Sia ne La prima linea che in Paz! descrive un periodo che era anche quello della sua giovinezza. Ci sono elementi autobiografici in entrambe le pellicole?
Renato De Maria: Gli elementi autobiografici ci sono, in particolare in Paz!: io infatti ero amico di Andrea Pazienza, ho vissuto insieme a lui anche tanti momenti quotidiani e conoscevo bene anche i suoi personaggi fumettistici, sia nel testo che nel sottotesto, e quindi lì c'è veramente molto di mio. Ma anche per quello che riguarda La prima linea: in quel periodo avevo diciotto anni, e frequentavo anch'io i gruppi legali da cui poi sono fuoriuscite le componenti terroristiche; non posso dire ovviamente di essere diventato un terrorista, né di aver avuto amici terroristi, ma conoscevo qualcuno che lo è diventato.

La sua generazione era molto attenta ai temi sociali. Come commenta il generale disinteresse che sembrano avere oggi i giovani per la politica?
Renato De Maria: Ogni generazione è figlia del suo tempo e della sua epoca: allora erano gli anni Settanta in tutto il mondo, anche in Francia e in Germania ci sono stati questi rigurgiti di rivolta, che altrove hanno avuto una trasformazione positiva, mentre in Italia hanno avuto un epilogo tragico, che si è poi ripiegato su se stesso, anche grazie alla strategia della tensione, ai servizi segreti deviati le cui vicende hanno ancora dei contorni incerti. In quello però c'era anche una parte positiva, creativa: si scriveva, si facevano dischi, libri, e la politica era una parte importante in quel processo. Oggi c'è un mondo completamente diverso, ci sono altri media, altri strumenti linguistici, non ci sono più la piazza e la strada. Non voglio dire cosa sia meglio e cosa sia peggio, non voglio demonizzare nulla. Spesso la storia della società ha dei momenti di involuzione, come forse è questo, ma da questo può anche nascere un'evoluzione: io non trovo stupidi i giovani, semplicemente la loro curiosità è dirottata su altre cose, anche perché sono forse meno indipendenti culturalmente, c'è meno autonomia pur essendoci tanti nuovi strumenti.

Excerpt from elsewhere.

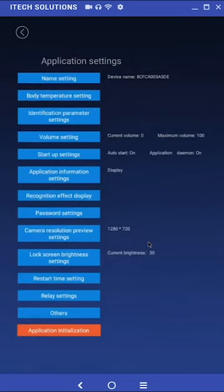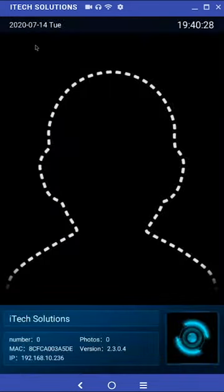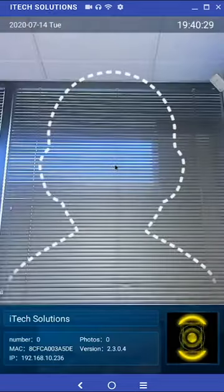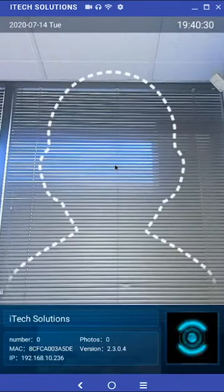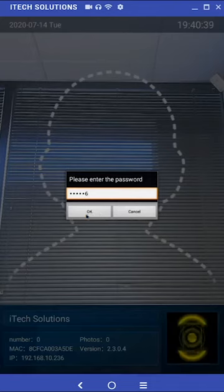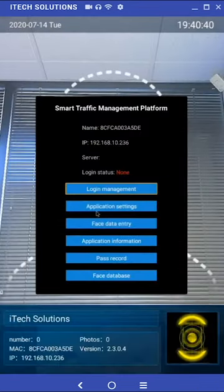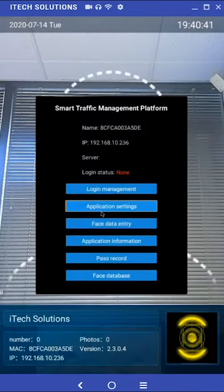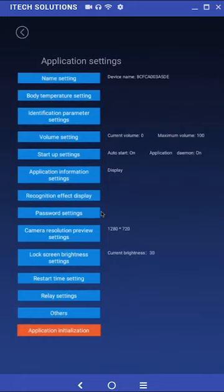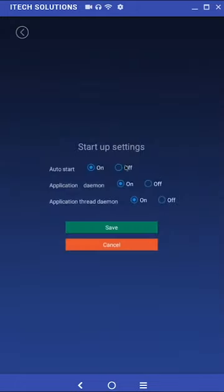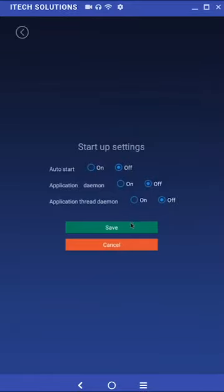Now that we have all the application settings ready we will need to access wi-fi settings and time zone settings on the android device. We first need to select startup settings in the application settings submenu. Next we are going to select off for all three options: auto start, application daemon, and application thread daemons.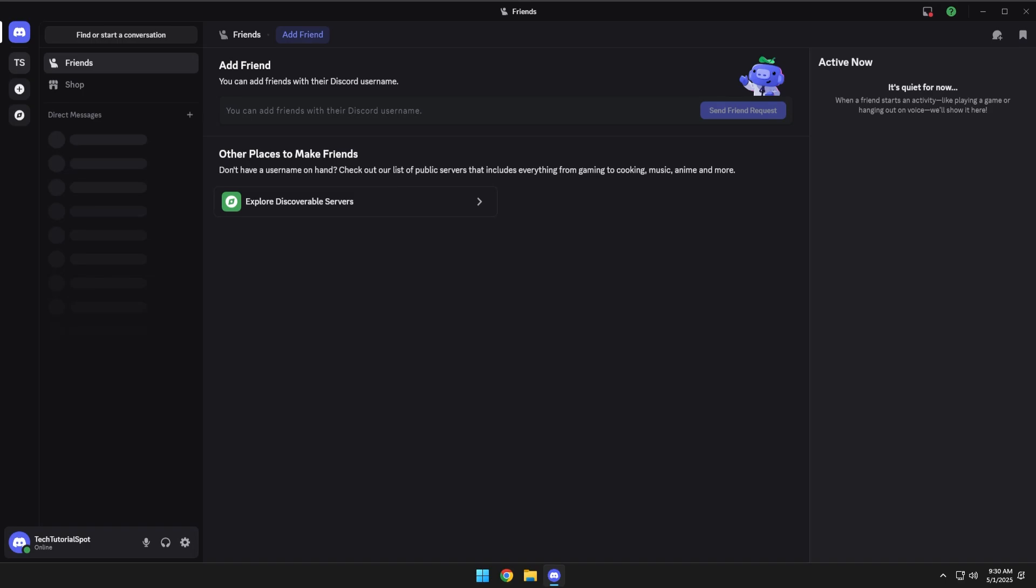Hey y'all, today we're in Discord and we're taking a look at how to set up push-to-talk. Let's get into it.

Lei ha avuto anche delle esperienze come attore, con Virzì e Moretti. Non le piacerebbe in futuro ritornare a essere anche interprete?
Renato De Maria: Mi piacerebbe da pazzi, ma purtroppo per ora mi hanno chiamato solo Nanni e Virzì, e tra l'altro per piccoli ruoli. La mia esperienza di attore è stata estremamente divertente, si vive il set in un'altra maniera, perché le responsabilità sono tutte del regista, e in parte dell'attore protagonista. Per me è stato un grande gioco, recitare dà delle scariche di adrenalina meravigliose. Se qualcuno mi chiamasse, lo farei volentieri.

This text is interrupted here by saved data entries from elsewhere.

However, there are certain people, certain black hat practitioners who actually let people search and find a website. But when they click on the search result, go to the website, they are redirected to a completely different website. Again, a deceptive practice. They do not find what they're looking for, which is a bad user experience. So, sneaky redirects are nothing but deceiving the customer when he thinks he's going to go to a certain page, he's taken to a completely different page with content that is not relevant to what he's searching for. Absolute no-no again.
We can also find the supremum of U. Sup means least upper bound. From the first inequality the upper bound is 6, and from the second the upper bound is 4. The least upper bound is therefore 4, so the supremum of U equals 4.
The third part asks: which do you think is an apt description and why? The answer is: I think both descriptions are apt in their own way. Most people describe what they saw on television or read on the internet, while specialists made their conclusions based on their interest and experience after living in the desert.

Quali sono i suoi progetti futuri?
Renato De Maria: Ci sono alcune idee che sto elaborando, e sicuramente voglio ripetere l'esperienza di lavorare con Andrea Occhipinti, che è un produttore eccezionale, coraggioso, che protegge sempre l'autore. Mentre sviluppo queste nuove idee per il cinema lavorerò per la televisione, ma ci vorrà ancora qualche mese per partire perché questo film mi ha veramente preso molto, e mi preme sottolineare che vorrei che la gente lo andasse a vedere per quello che credo sia, senza preconcetti, come un film di grande intensità narrativa.